Today was the start of the "Good Luck Beijing Swimming China Open", a test event where swimmers from around the world are trying to qualify for August.

Many of the top contenders were not there, like the United States, Australia, or Canada. But countries like China, Japan, Korea, and then Mexico, Spain, Estonia, Finland and Kazakhstan dived for the opportunity to try out the pool.

The venue seats 11,000 people and tonight several hundred sat in the stands to watch the event. Or was it to check out the building?

When the heats began, with the men's 100m butterfly, hardly anyone was clapping. You could hear the swimmers stroking their way up and down the pool and perhaps some light applause when they finished.

It looked much better on the big screen with underwater shots, or following them as they made their way across the pool and then declaring who finished in which lane.

However, the swim coaches and fellow swimmers tried to cheer their compatriots on with whistles and soon the audience realized they really should be urging everyone on. But they were partial to the Chinese swimmers, shouting "jia you!" or "keep going!"

The young staff looking after the swimmers' things worked in military precision, even synchronizing when they pick up the plastic boxes and marching off. Others working in the media section handed out a stream of papers with the swimmers' qualifying times and final results printed on them.

All of a sudden, the event was over; the finals are tomorrow. Staff started cleaning up and people filed outside.

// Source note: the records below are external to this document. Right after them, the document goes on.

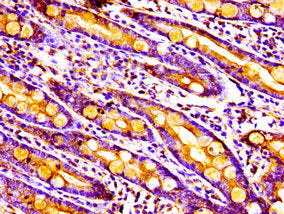MPST Antibody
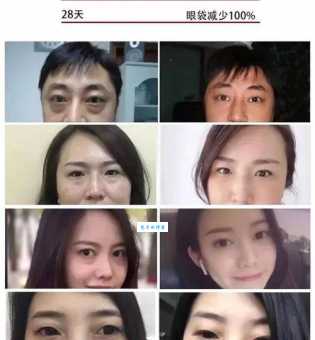 祛眼袋技术有哪些？不同方法效果大比拼！
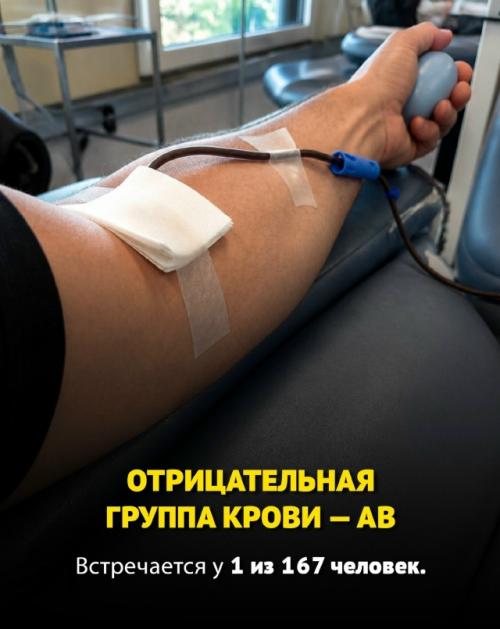 Некоторые люди от рождения обладают по-настоящему редкими генетическими особенностями, которые встречаются у единиц на всей планете. 08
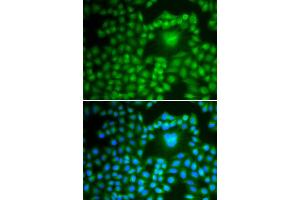 Immunofluorescence analysis of U2OS cell using PPP1CB antibody. (PPP1CB 抗体)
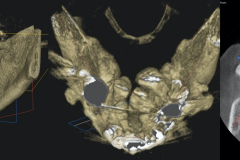 removal-of-very-large-bilateral-mandibular-tori-torus-piezo-PRF-membrane-kazemi-oral-surgery-2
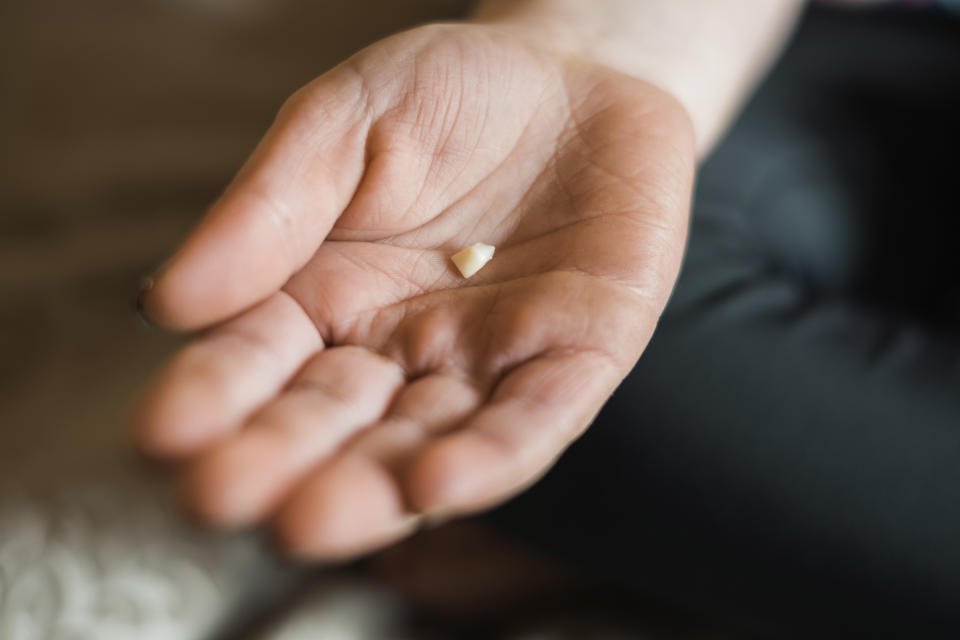 A child holds out a baby tooth in their hand. 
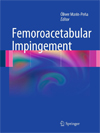 Femoroacetabular Impingement-1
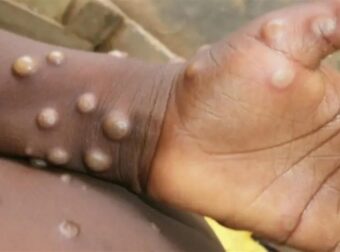 Ιταλία: Το πρώτο κρούσμα ευλογιάς των πιθήκων καταγράφηκε στη χώρα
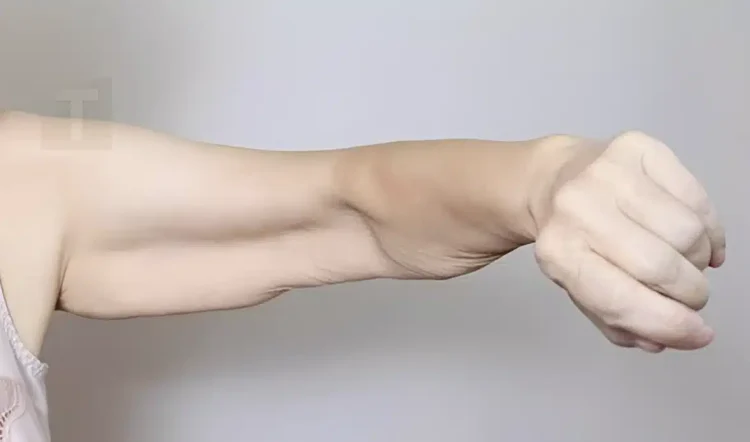 Σαρκοπενία: Αιτίες απώλειας μυϊκής μάζας και λύσεις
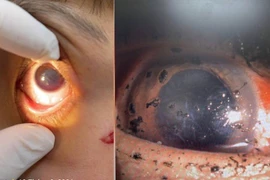 Nhiều ca chấn thương mắt nghiêm trọng do pháo nổ Tết 2026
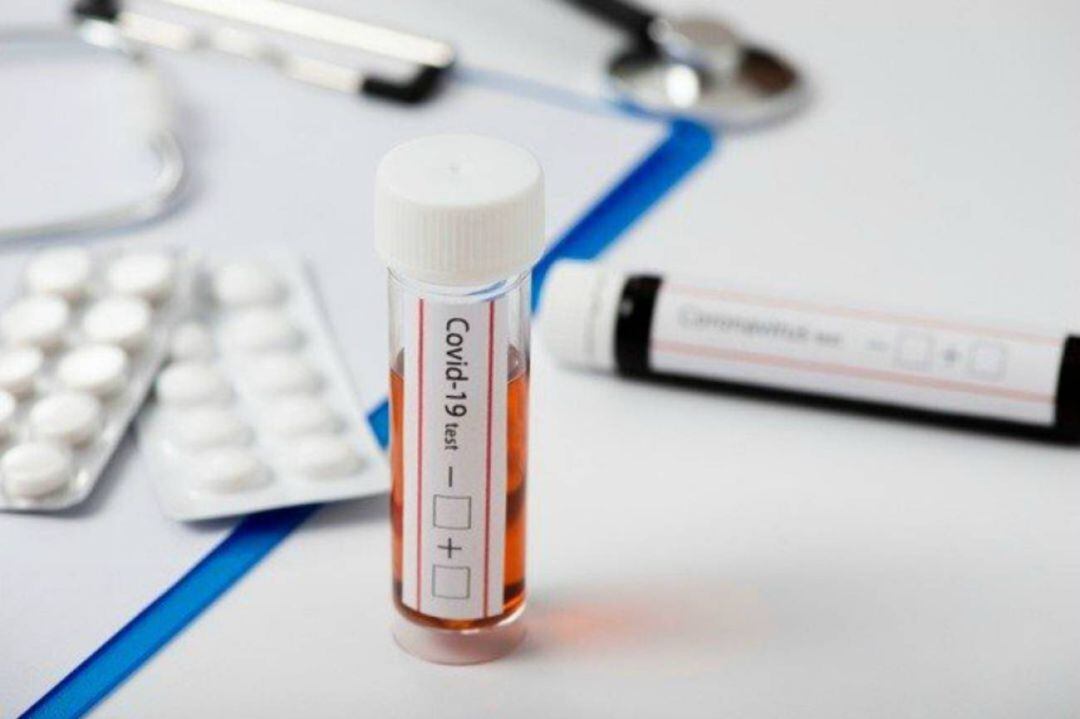 Los test de antígenos son una herramienta para controlar la pandemia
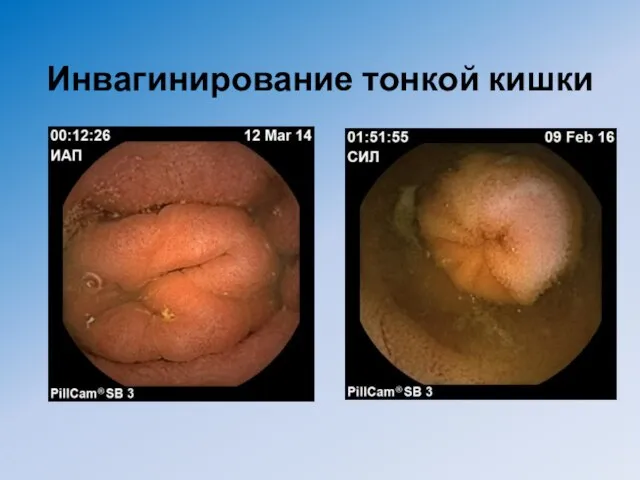 Инвагинирование тонкой кишки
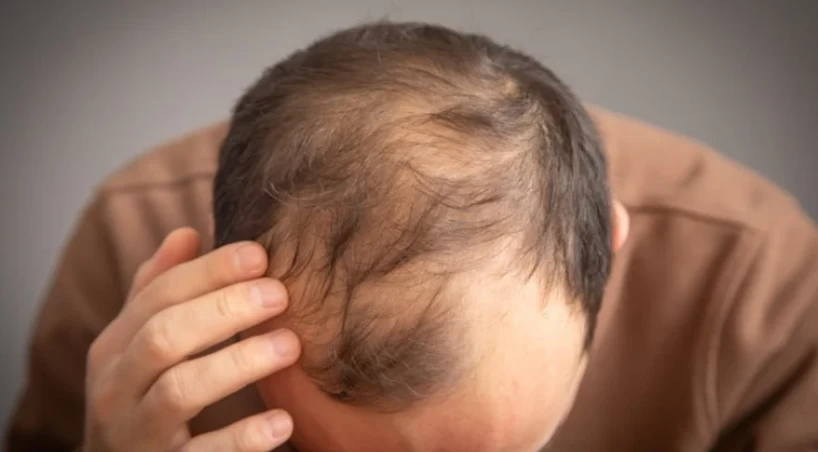 Erkeklerde saç dökülmesini hızlandıran içecekler belli oldu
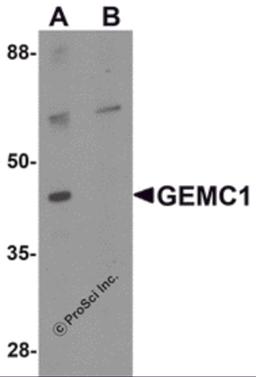 Western blot analysis of GEMC1 in mouse heart tissue lysate with GEMC1 antibody at 1 μg/mL in (A) the absence and (B) the presence of blocking peptide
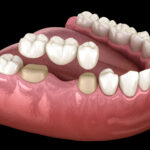 dental-crown.jpg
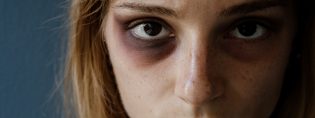 Con l’arrivo della pandemia da Covid-19, la situazione è peggiorata, si è registrato un aumento dei casi di violenza a danno delle donne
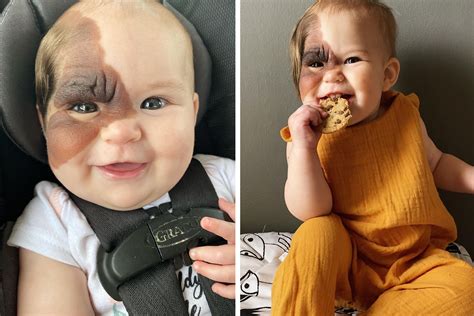 Mom Shares Her Daughter’s Unique Birthmark, Gathering 300k Followers Supporting Their Journey ...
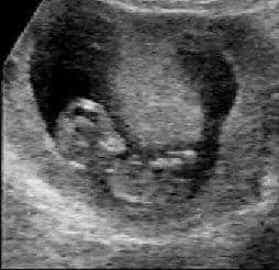 profil_11sa5j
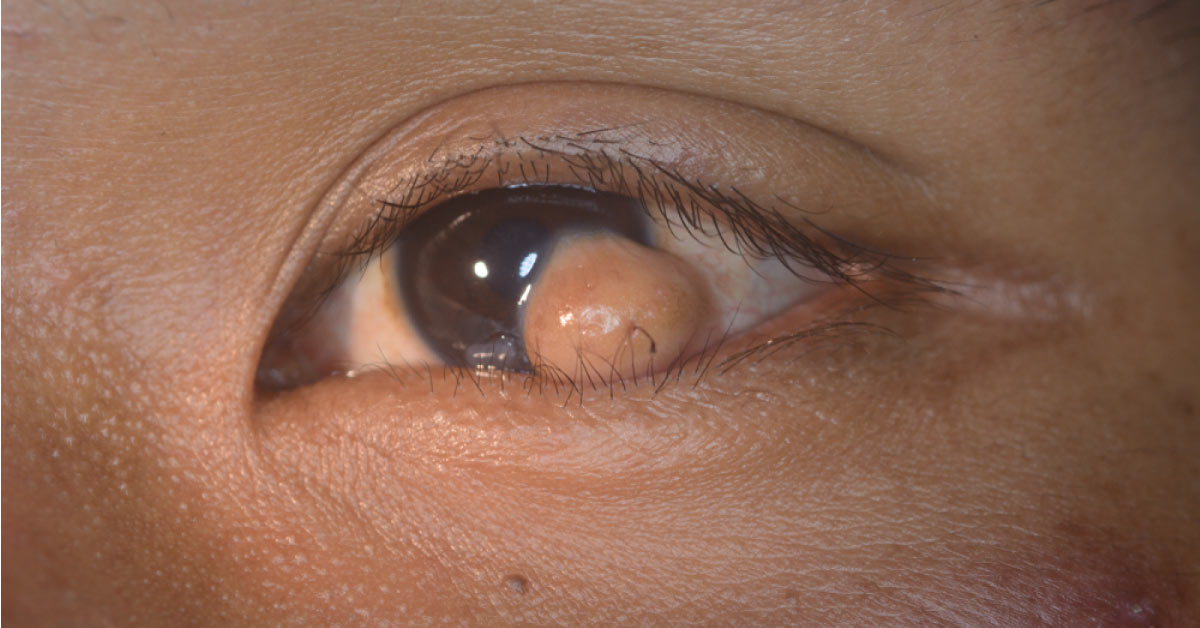 Surgical Treatment Of Limbal Dermoid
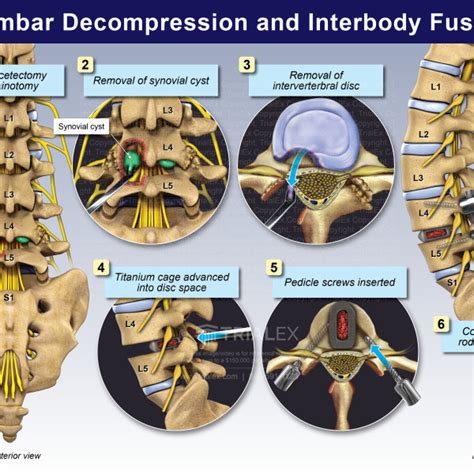 Lumbar Decompression And Interbody Fusion Trialexhibits Inc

The area outside the Water Cube isn't finished yet so while there is a bus stop, there's no infrastructure in place for people to wait for taxis. We had to wander up the street to finally flag one down. And even then we had to go a ways before being able to make a U-turn to get to where we wanted to go.

Although the venue's completed, did anyone think about how everyone was going to go home?

1 comment:

Anonymous said...

two nice shots both inside and out of the water cube. this building is a gift of the people of honkong and macao. this is only a trial run. there needs to be a lot of kinks to be ironed out.